Methodology
How KSplit models strikeout distributions: the inputs, the structure, and what each output actually represents.
KSplit models MLB pitcher strikeouts because strikeouts are one of the few betting markets built on a fully objective outcome. A hitter either strikes out or he doesn't. There is no scorer interpretation, no judgment calls, and no postgame stat corrections.
Strikeouts are modeled at the plate appearance level, not the inning level. KSplit combines pitcher strikeout tendencies, opponent lineup composition, handedness splits, and an independent estimate of expected batters faced to separate skill from opportunity.
The output is a median strikeout projection and a full probability distribution. This is not a point projection system. Users are encouraged to look at the entire distribution to make a complete assessment of the matchup.
For common questions about access, usage, and scope, see the FAQ. For a column-by-column walkthrough of the live board, read our How to Guide for Today's Dashboard. For formal definitions of every metric, open the Glossary.
Core Modeling Approach
Plate Appearances, Not Innings
Strikeouts occur at the plate-appearance level. Modeling strikeouts as K/PA avoids distortions caused by inning length, defense, and game flow. Instead of asking how many innings a pitcher will throw, KSplit asks:
- How often does this pitcher strike out hitters?
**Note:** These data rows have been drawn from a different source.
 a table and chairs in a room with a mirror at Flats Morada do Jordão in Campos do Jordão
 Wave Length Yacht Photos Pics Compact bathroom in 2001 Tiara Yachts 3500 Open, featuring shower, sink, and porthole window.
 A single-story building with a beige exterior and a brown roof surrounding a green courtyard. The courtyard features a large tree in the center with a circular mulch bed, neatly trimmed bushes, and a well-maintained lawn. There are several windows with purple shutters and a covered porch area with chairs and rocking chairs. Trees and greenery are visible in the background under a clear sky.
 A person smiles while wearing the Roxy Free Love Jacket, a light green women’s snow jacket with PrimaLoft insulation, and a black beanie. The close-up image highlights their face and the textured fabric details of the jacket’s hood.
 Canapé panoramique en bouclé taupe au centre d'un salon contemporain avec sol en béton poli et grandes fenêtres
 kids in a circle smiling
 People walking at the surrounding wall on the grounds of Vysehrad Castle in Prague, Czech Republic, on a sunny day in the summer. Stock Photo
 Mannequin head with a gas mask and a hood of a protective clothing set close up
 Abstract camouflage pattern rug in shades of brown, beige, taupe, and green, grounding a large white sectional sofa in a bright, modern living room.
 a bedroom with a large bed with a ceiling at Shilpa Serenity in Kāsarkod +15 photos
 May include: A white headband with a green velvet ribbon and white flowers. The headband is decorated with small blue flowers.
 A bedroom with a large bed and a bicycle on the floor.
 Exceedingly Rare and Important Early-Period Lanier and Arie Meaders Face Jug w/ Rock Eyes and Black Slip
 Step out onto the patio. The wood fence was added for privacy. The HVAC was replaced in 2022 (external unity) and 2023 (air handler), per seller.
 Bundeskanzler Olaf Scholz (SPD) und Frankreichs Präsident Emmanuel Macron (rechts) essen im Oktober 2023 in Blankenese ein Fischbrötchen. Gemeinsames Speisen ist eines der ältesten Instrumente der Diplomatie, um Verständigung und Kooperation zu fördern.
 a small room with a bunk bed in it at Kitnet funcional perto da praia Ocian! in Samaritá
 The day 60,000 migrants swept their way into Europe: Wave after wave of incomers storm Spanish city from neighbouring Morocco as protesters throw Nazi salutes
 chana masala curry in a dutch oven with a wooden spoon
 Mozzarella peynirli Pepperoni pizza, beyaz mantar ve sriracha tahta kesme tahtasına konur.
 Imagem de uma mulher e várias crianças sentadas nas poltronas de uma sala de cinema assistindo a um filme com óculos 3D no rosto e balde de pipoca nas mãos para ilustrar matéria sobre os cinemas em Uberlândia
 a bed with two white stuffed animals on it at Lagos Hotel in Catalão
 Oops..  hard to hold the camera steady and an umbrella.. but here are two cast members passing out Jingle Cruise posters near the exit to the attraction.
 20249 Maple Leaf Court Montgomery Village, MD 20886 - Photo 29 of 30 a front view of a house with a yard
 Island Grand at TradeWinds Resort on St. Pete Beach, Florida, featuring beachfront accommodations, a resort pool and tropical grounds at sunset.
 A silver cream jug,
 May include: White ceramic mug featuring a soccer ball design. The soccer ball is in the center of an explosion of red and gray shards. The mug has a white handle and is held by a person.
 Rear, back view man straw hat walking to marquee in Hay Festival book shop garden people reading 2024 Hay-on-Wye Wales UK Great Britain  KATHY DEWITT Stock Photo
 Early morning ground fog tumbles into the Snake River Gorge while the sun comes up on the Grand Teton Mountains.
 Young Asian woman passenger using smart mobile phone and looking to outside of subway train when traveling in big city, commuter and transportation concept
- Against this lineup, in this context?
- And how many opportunities are likely to occur?
Pitcher vs. Lineup
Strikeout outcomes depend on both the pitcher and the opposing hitters. KSplit blends:
- Pitcher K rates vs. left- and right-handed hitters
- Opponent lineup K tendencies vs. pitcher handedness
- Actual lineup composition, not team averages
Confirmed lineups are incorporated when available.
Modeling Opportunity
Strikeout rate alone does not determine totals. Opportunity matters. KSplit models expected batters faced (BF) independently to reflect workload, leash, and game context. This prevents overstating high-K pitchers with limited usage and understating pitchers expected to face deeper lineups.
Median-Anchored Projections
The primary projection shown on KSplit is the median strikeout outcome. The median represents the most typical result. Not a ceiling, not a floor, and not a best-case scenario.
It is intentionally not adjusted for perfect game flow, maximum pitch counts, or ideal sequencing. This prevents optimistic bias in the core projection.
Pricing the Entire Distribution
KSplit models the entire strikeout outcome distribution, not a single number. High-strikeout performances occur when multiple favorable factors align: workload, efficiency, matchup leverage, in-game adjustments. These outcomes live in the right tail of the distribution.
Rather than forcing ceiling outcomes into the median projection, KSplit captures them probabilistically. Extreme strikeout games may exceed the median projection while still being correctly identified as upside.
Distribution quality is evaluated using proper scoring rules (CRPS), which score how well the full probability curve aligns with real outcomes. This ensures tails aren't exaggerated and that uncertainty is calibrated.
Distribution Shape & Conversion Context
Distribution Shape Score (DSS)
DSS measures how much structural upside exists in the modeled strikeout distribution. It evaluates the right tail only and does not measure probability, confidence, or consistency.
Ceiling Conversion Context (CCC)
CCC measures whether the game environment allows upside to convert. CCC is intentionally non-monotonic: very low values rarely convert upside, middle values convert ceiling outcomes most often, and extremely high values are often stable.
CCC is a contextual filter, not a probability.
Ceiling Profile
KSplit blends DSS and CCC into a single diagnostic called Ceiling Profile, which describes how strikeout upside is expected to behave.
Stable environments can cap otherwise strong upside; volatile environments can suppress conversion. Ceiling Profile is designed for decision support, not pitcher ranking.
Probabilities & Market Context
KSplit derives probabilities directly from the modeled distribution. Market odds are converted to implied probabilities and de-vigged for fair comparison. Differences between model probabilities and de-vigged market probabilities highlight areas of disagreement.
Best Edge reflects where market pricing deviates most from the full distribution, on either the over or the under. A pitcher can display a High | Tail-Driven profile even when the strongest edge is priced on the under.
Market Validation: Closing Line Value (CLV)
KSplit tracks Closing Line Value as a market-based validation signal. CLV measures how the market moves from open to close relative to the prices and lines captured, which helps confirm whether distributions are aligning with the same information the market is absorbing.
CLV is used to evaluate process quality and market alignment, not to present picks or ROI. It is available in Rolling Diagnostics alongside calibration metrics like CRPS and tail accuracy.
Transparency
All projections are logged and archived. No results are removed or selectively displayed.
- Median strikeout projections
- Distribution-based probabilities
- Error metrics tracked over time
What KSplit Is, and Is Not
KSplit is
- A strikeout-focused analytics platform
- A probabilistic projection engine
- A transparency-first data product
KSplit is not
- A picks or "locks" platform
- A guarantee of outcomes
All outputs are informational and intended for analytical and educational use only.